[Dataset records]

=-=-=

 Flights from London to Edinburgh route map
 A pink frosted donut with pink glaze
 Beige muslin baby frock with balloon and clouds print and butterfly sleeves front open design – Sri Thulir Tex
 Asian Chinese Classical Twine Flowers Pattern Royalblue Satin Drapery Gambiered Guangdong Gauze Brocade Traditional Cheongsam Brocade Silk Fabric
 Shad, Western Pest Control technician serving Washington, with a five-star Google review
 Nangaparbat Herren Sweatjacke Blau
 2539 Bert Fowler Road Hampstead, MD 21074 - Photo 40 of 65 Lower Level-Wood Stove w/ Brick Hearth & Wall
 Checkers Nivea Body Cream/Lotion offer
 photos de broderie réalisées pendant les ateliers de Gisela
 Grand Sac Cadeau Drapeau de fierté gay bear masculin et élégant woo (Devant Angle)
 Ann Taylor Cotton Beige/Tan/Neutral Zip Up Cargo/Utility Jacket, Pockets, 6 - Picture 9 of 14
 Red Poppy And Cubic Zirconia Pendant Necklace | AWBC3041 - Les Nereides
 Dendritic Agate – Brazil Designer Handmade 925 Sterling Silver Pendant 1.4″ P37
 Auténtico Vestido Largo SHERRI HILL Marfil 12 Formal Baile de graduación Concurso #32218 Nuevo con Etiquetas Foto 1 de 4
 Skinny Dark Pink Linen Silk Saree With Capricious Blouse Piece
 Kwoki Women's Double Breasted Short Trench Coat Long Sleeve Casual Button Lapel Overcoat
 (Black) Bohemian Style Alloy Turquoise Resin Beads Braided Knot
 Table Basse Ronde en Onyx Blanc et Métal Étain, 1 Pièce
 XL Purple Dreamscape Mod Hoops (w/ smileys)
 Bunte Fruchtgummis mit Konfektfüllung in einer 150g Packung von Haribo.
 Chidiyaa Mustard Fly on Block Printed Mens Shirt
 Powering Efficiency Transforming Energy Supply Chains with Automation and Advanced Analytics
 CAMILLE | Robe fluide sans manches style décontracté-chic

=-=-=

▸ **EXERCISE**
Looking at the data above, report how many of its lines include the word "Beige". The number alone is the answer.

▸ **SOLUTION TO THE PROBLEM**
2